• _WHAT TO PRODUCE_
Begin at the line with "Download Video: La" and output every line through the end of the records, exactly as given. Omit pictures.

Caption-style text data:
========

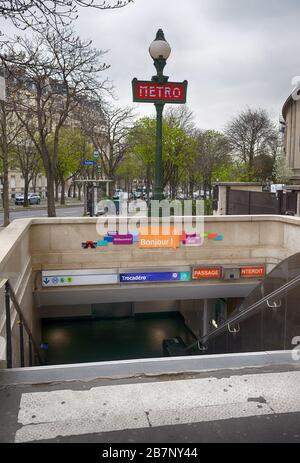 PARIS, FRANKREICH - 17. März 2020: Frankreich ordnete die Sperrung in der Schlacht von Covid-19 an, die Metrostation Trocadero vor dem Eiffelturm ist in der Regel fast überfüllt Stockfoto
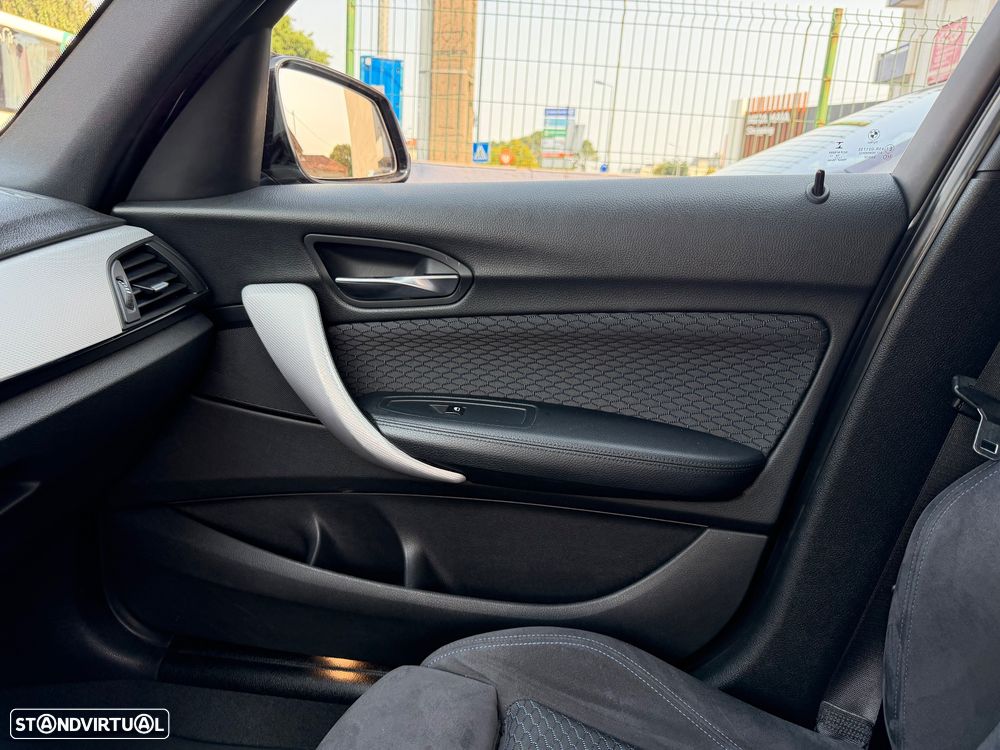 BMW 118 d Pack M - 41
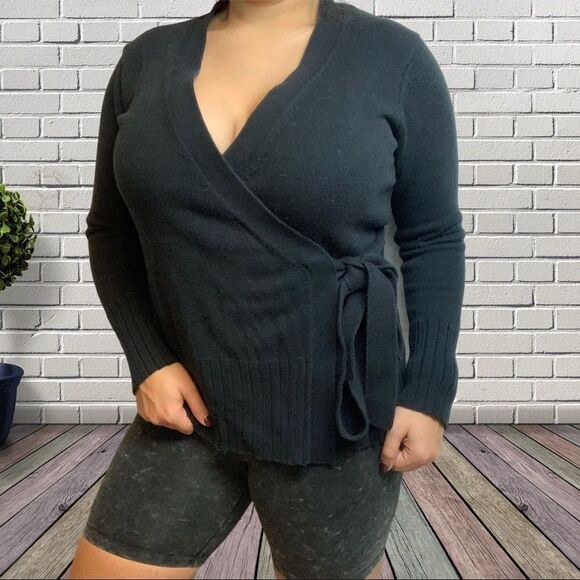 Daisy Fuentes solid Black Wrap V neck Long Sleeve cotton Sweater size L V neck - Picture 2 of 11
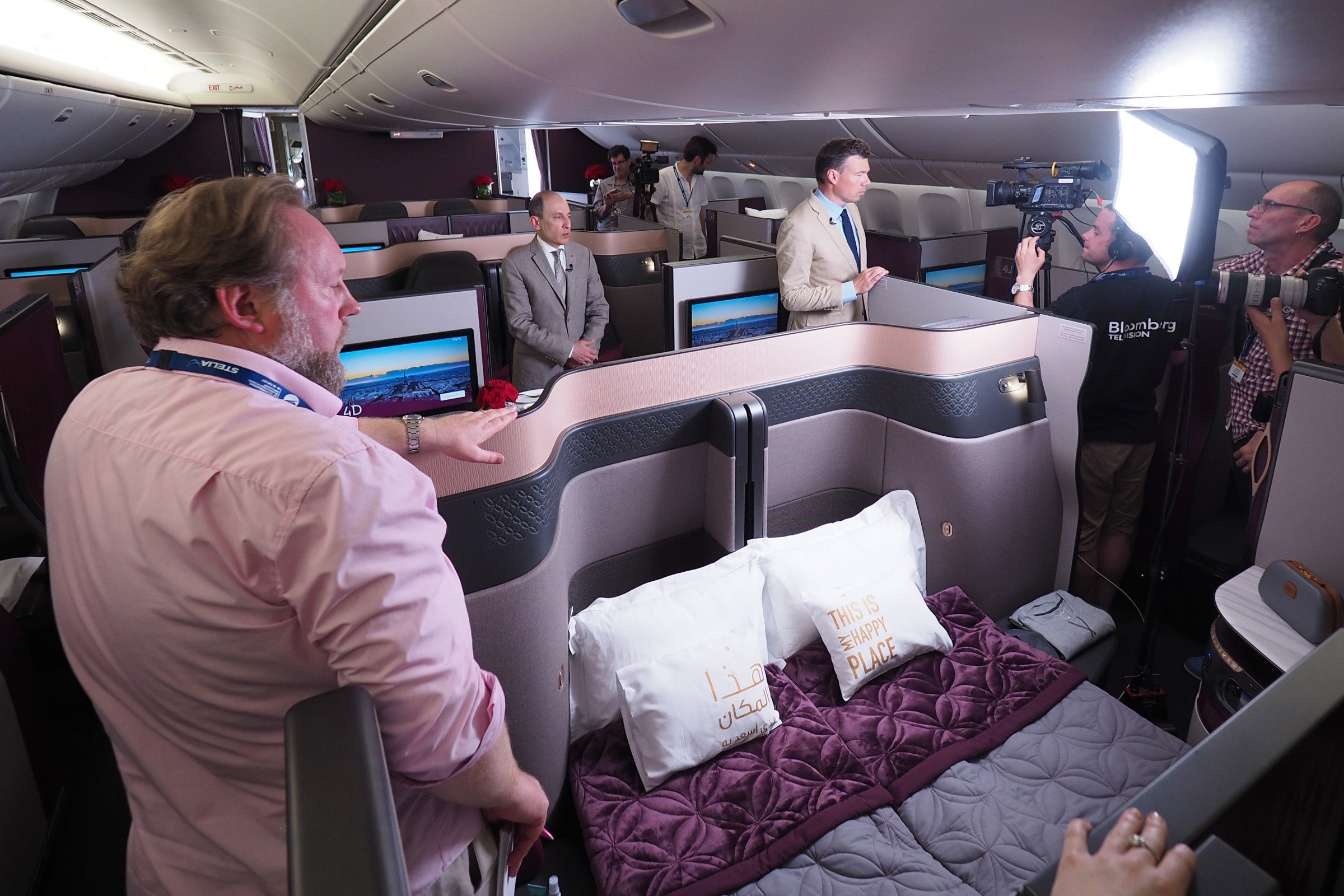 Qatar 777 Qsuite Tour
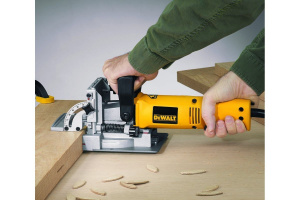 Ламельный фрезер DeWALT DW682K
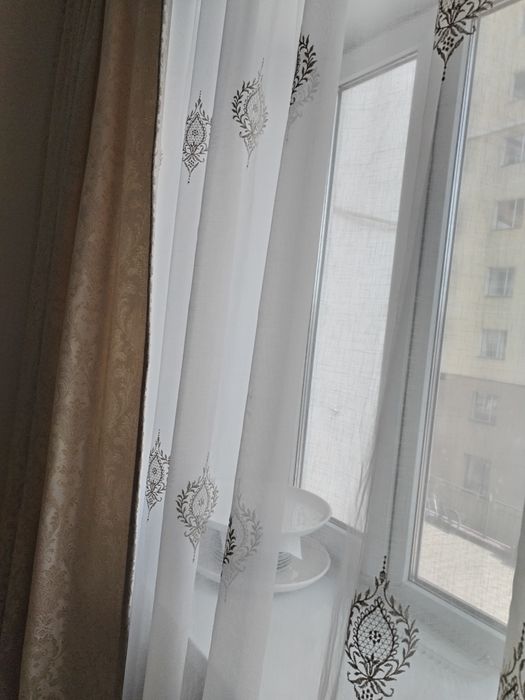 Продаю шторы с тюлью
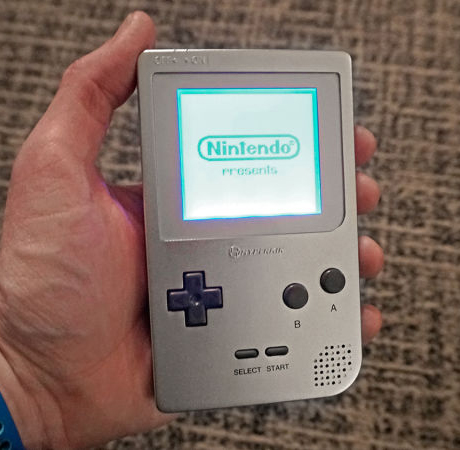 Avant la Game Boy Classic Edition de Nintendo : l'Ultra Game Boy d'Hyperkin. Ff5eb4849294abc0a7074b3f0dd75149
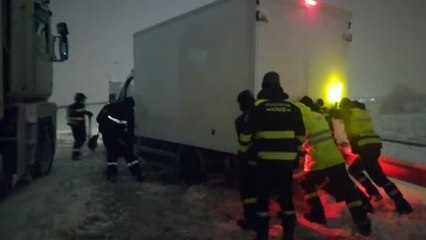 Download Video: La gran nevada en Madrid deja atrapados en las carreteras a decenas de conductores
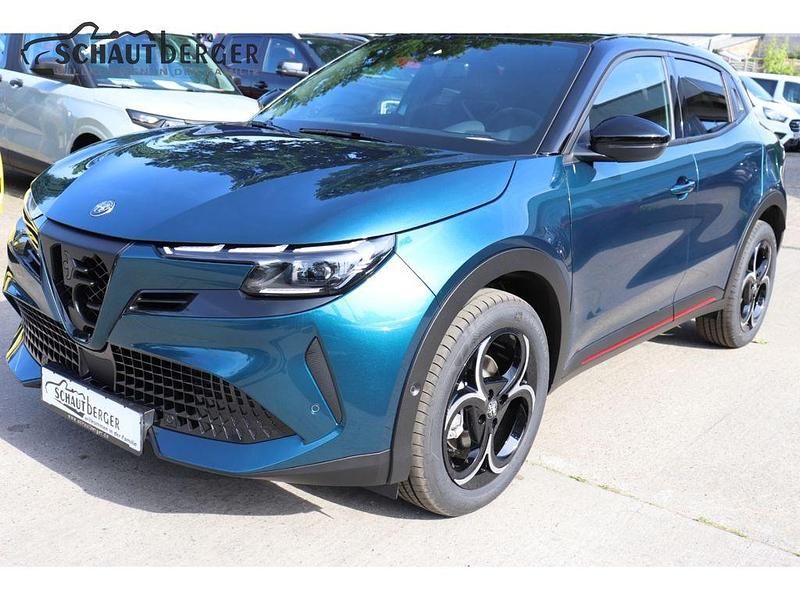 Blau Neu 2025 Alfa Romeo GT Junior SUV | 44.990 € - Bild 1/4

========

• _EXERCISE SOLUTION_
 Download Video: La gran nevada en Madrid deja atrapados en las carreteras a decenas de conductores
 Blau Neu 2025 Alfa Romeo GT Junior SUV | 44.990 € - Bild 1/4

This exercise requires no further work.